9/08/2005 09:06:00 AM  
Blogger Andrea W. said...

lol, kristine. I should state that I have no problem with jeans and heals together, just that it was perhaps a bit much for a playgroup at the park in July. And yes, the way it was described to me I pictured more of a spikey look.

So, yes you are totally invited to playgroup, just try not to show the rest of us up with your good looks and fashion sense. :)

Claire, you are VERY lucky and must be livin' right. I guess I should feel lukcy for not have walked into something like that in my sloppy get-up.
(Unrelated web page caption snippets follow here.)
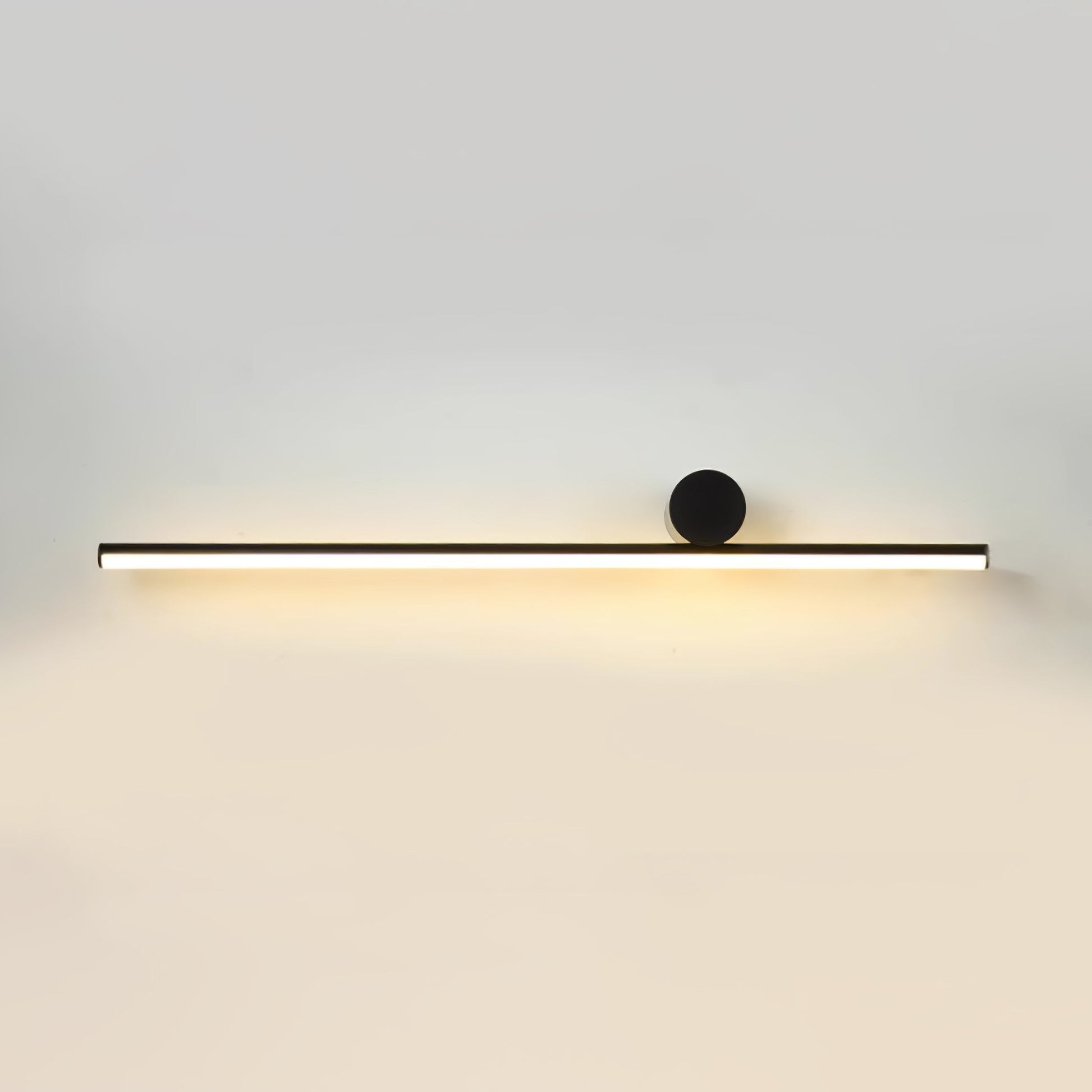 Coordinates Wall Lamp - Blowlighting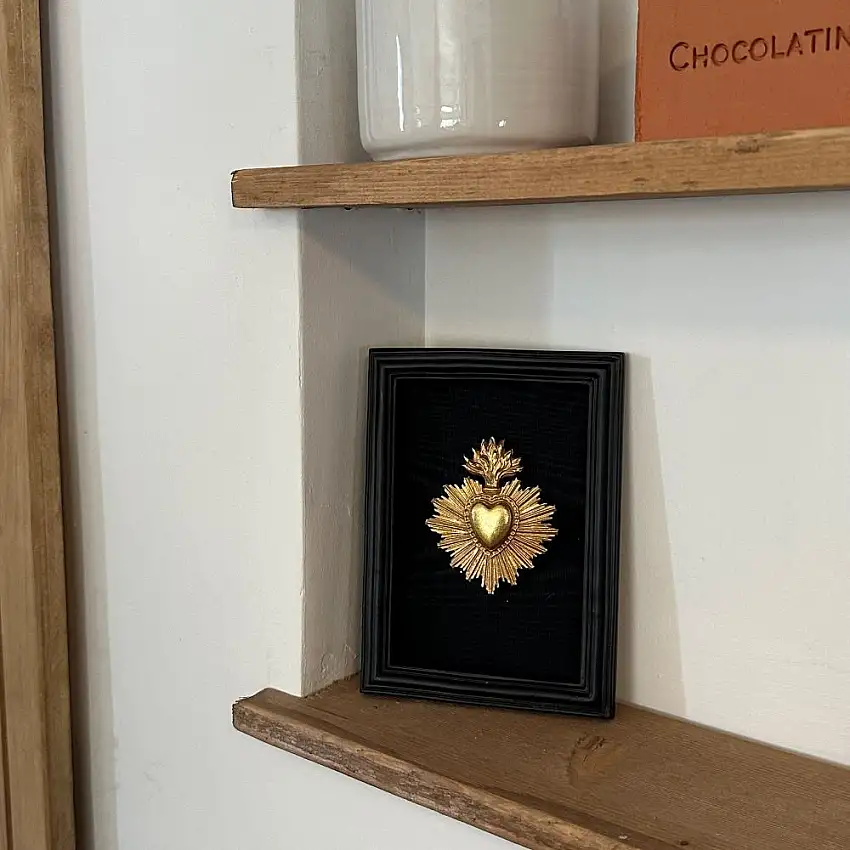 cadre-coeur-ex-voto-pour-deco-murale-1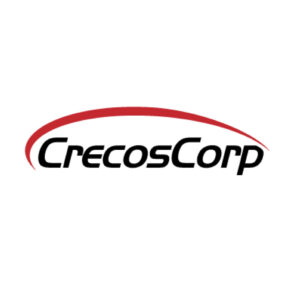 crecos-copro-web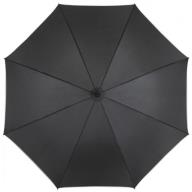 ac-golf-umbrella-fare--doggybrella-black-7395_art_673_detail_2785_L.jpg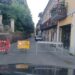 Vibo Valentia, via Vittorio Veneto nel centro storico è chiusa al transito... ma lo scopri solo dopo che l'hai imboccata! 10 Vibo Valentia, via Vittorio Veneto nel centro storico è chiusa al transito… ma lo scopri solo dopo che l’hai imboccata!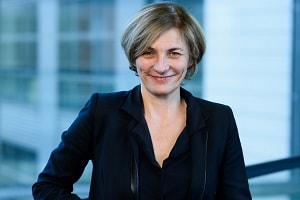 Isabelle Moins (Aviva) : « L’usage du mobile emmène deux fois plus de personnes jusqu’au devis »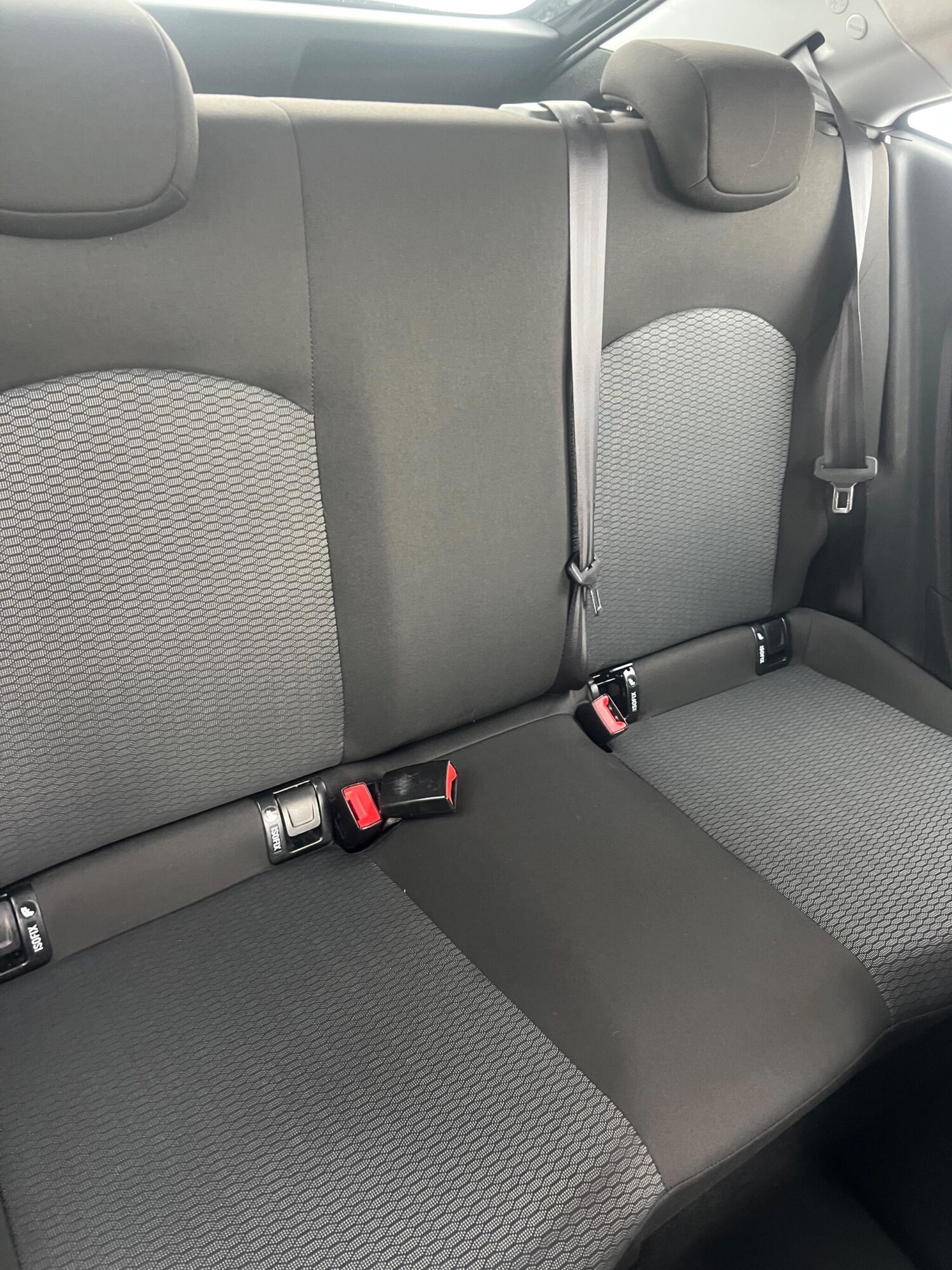 Used Vauxhall Corsa for sale - 78214202: Photo 20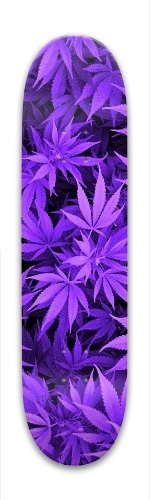 Design 340615 Skateboards, Longboards and Grip Tape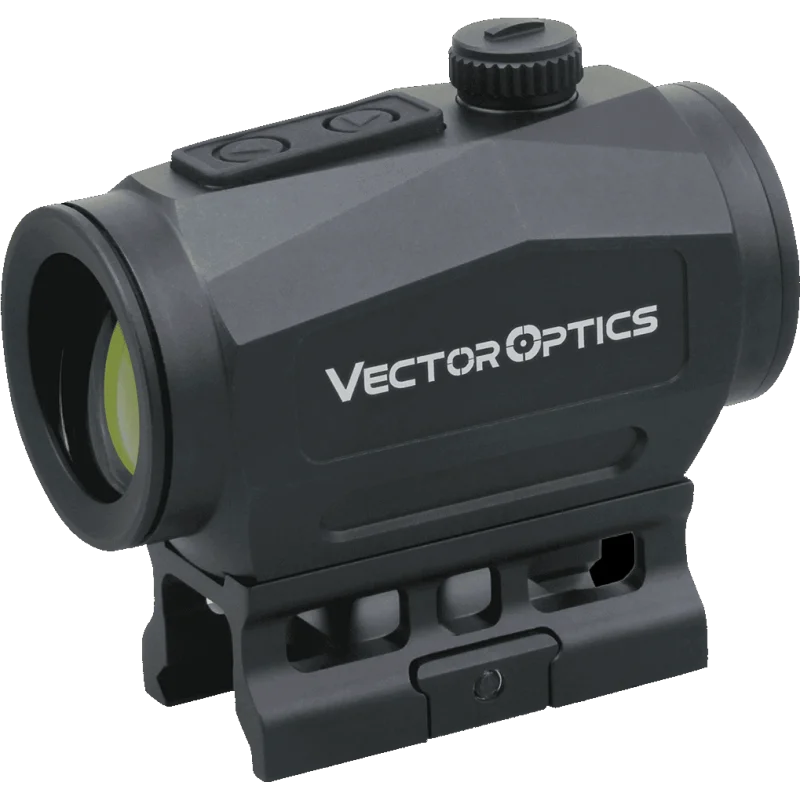 stargetshooting20260926135130632041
Jo, I feel your pain. I think the part the bugged me the most was how humiliated I was. Really, what is the big deal, but it was and that was the worst part.

9/08/2005 11:44:00 AM  
Anonymous Anonymous said...

Ange, I've been thinking lately of the truth of the saying that "we wouldn't care so much about what others thought of us if we realized how rarely they did." Our meekness (the most unnatural of virtues) is determined by what audience we play to--if to our vanity as inferred from others' reactions, we are vain and not meek. If we play to ourselves and give honest credit for the good things as well as wholesome criticism about the bad things which brought us to where we are, then we are moving toward being internally secure and even meek. However, on the highest level if we look only to the Lord and feel His love, that's meekness--regarding only what He thinks with all His love and acceptance of us. Meek is better. Actually, meek is best.